Wall Street strategist Adam Parker, founder of Trivariate Research and former chief US equity strategist at Morgan Stanley, warned on the latest episode of Ticker Take that most investors are overexposed to artificial intelligence through the S&P 500. He identified eight stocks—including Walmart, Coca-Cola, and NextEra Energy—with low correlation to AI semiconductor baskets, arguing that genuine diversification requires companies whose earnings do not depend on the AI buildout.

The S&P 500's Hidden AI Concentration: 66% Trades Like a Semiconductor ETF

Parker noted that roughly two-thirds of the S&P 500 now behaves like a semiconductor exchange-traded fund, meaning the index itself carries far more AI exposure than many investors realize , according to the Ticker Take interview. When the AI trade eventually cools, he argued, supposedly diversified portfolios could cool with it. The statistic—66%—drives home how pervasive AI has become in broad market benchmarks, even in sectors not directly related to technology.

This concentration echoes patterns seen during the dot-com era, when a handful of tech giants dominated indices and left passive investors vulnerable to a sector collapse. The source report highlights Parker's view that the hard part today is finding good businesses that don't depend on AI—a challenge that makes his list more than a simple stock tip.

Parker's Eight: Walmart, Coca-Cola, NextEra Energy Among Low-Correlation Picks

Parker's screening process began with stocks up at least 10% over the last six months, then narrowed to names with low correlation to AI semiconductor baskets, upward earnings revisions, and business momentum driven by non-AI factors. The resulting eight include Walmart, which he called a potential AI beneficiary through tighter operations rather than an AI stock; Merck, offering low AI correlation and exposure to aging population trends; Coca-Cola, a defensive consumer-staples play; and NextEra Energy, combining stable utility demand with renewables growth that is not purely tied to data-center AI buildout.

Energy giants Exxon and Chevron add high dividend yields and very little AI correlation, though Parker reportedly prefers the big dividend payers over smaller, higher-flying energy names. Costco rounds out the group as a membership-driven platform with a wealthy customer base, albeit at a high valuation that raises questions about growth outpacing its multiple.

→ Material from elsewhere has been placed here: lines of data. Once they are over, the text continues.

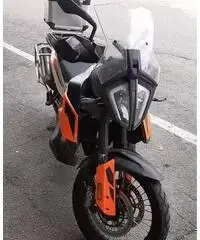 KTM 790 Adventure - 2020 KTM 790 Adventure - 2020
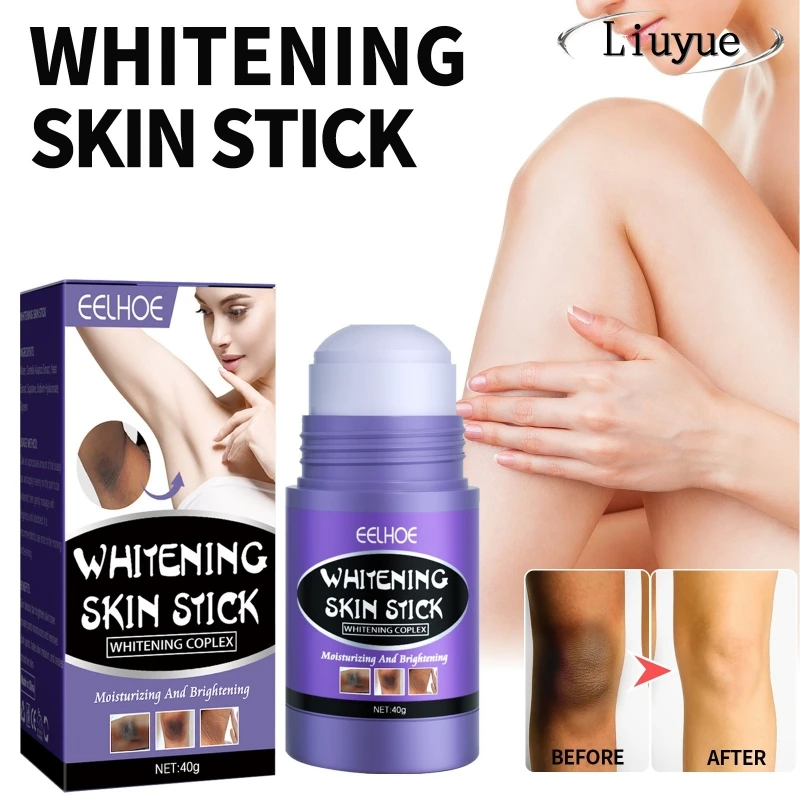 Quickly Brightening Cream Fade Dark Skin Intimate Areas Underarm Private Parts Bleaching Lightening Body Cream Skin Care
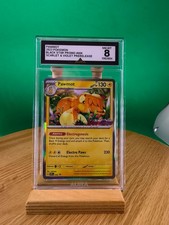 Pawmot [Stamped] #6 (Pokemon Scarlet & Violet Promo) Grade 8 NM-MINT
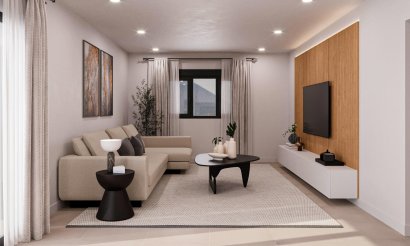 New Build - Villa - Fuente Álamo - La Pinilla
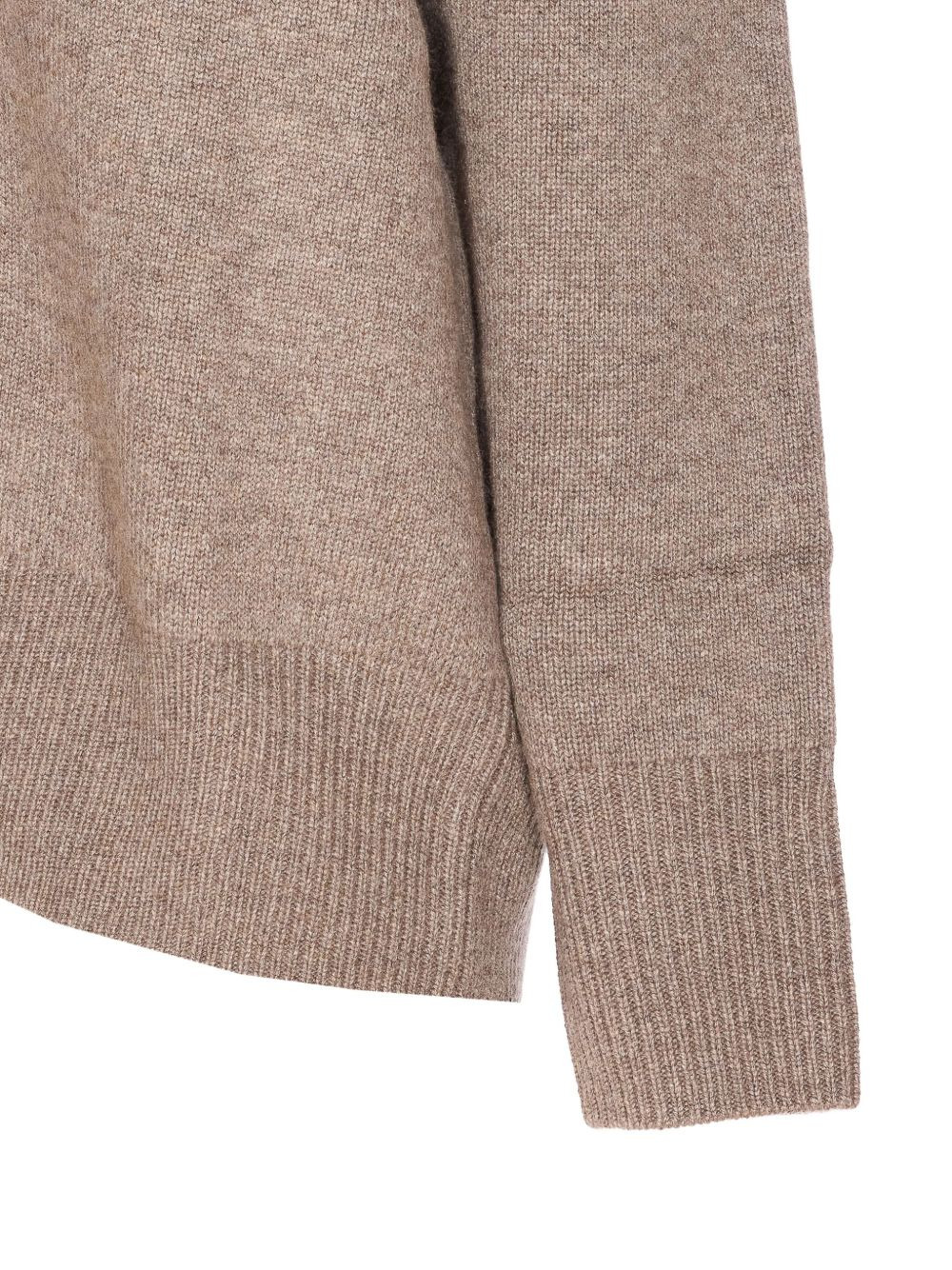 Amery V-neck button cardigan - 4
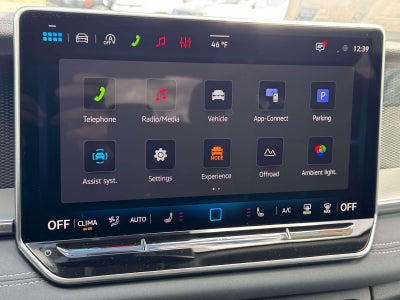 2026 Volkswagen Tiguan SE 4MOTION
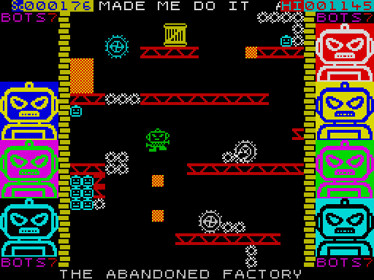 AI Made Me Do It: The Awful Adventures of [Insert Protagonist Name] - Screenshot - Gameplay (null) - 512x384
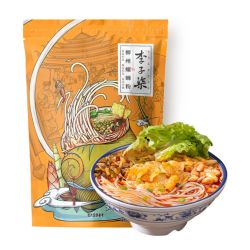 LI ZI QI Rice Noodle Luosifen 335g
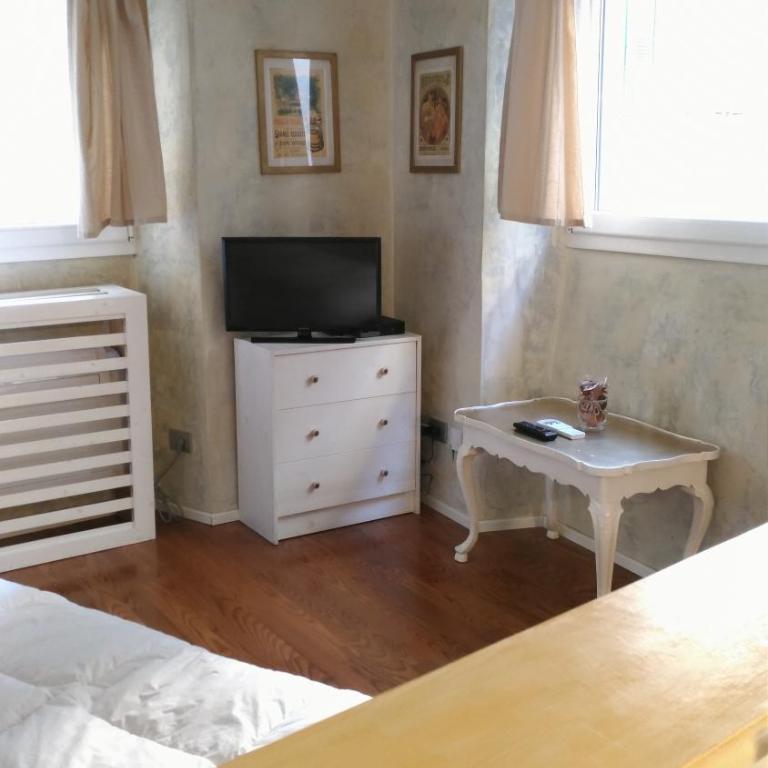 Hotel Santa Croce - Monolocale - Dependance - 8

Why Healthcare and Energy Stocks Offer a Different Kind of Momentum

The healthcare and energy sectors provide catalysts unrelated to AI. for Merck, the aging population and steady earnings estimates offer a predictable revenue stream, as noted in the source report. nextEra's appeal lies in its dual exposure to regulated utilities and renewable energy projects—demand drivers that predate the AI boom and will likely persist regardless of chip cycles. Exxon and Chevron, meanwhile, enjoy dividend yields that reward income-focused investors without the volatility tied to AI narratives.

Parker's approach contrasts with the market's current fixation on AI-related plays.. By emphasizing companies with low correlation to AI baskets, he aims to reduce portfolio risk while still capturing upside from sectors like healthcare, consumer staples, and energy—a diversification strategy that the source frames as a hedge against a potential AI correction.

The Missing Detail: Which Diversified Med-Tech Name Made the Cut?

The source report identifies eight stocks but leaves one unnamed: a diversified med-tech name that Parker mentioned in the interview context, possibly Boston Scientific. The vagueness raises an open question about whether investors can replicate the portfolio without a precise list. While the other seven are explicitly confirmed—Walmart, Merck, Coca-Cola, NextEra Energy, Exxon, Chevron, and Costco—the missing eighth stock leaves a gap for those seeking exact replication. The source also does not publish Parker's specific correlation thresholds or the exact AI semiconductor basket used, which could affect how practitioners apply the screening methodology.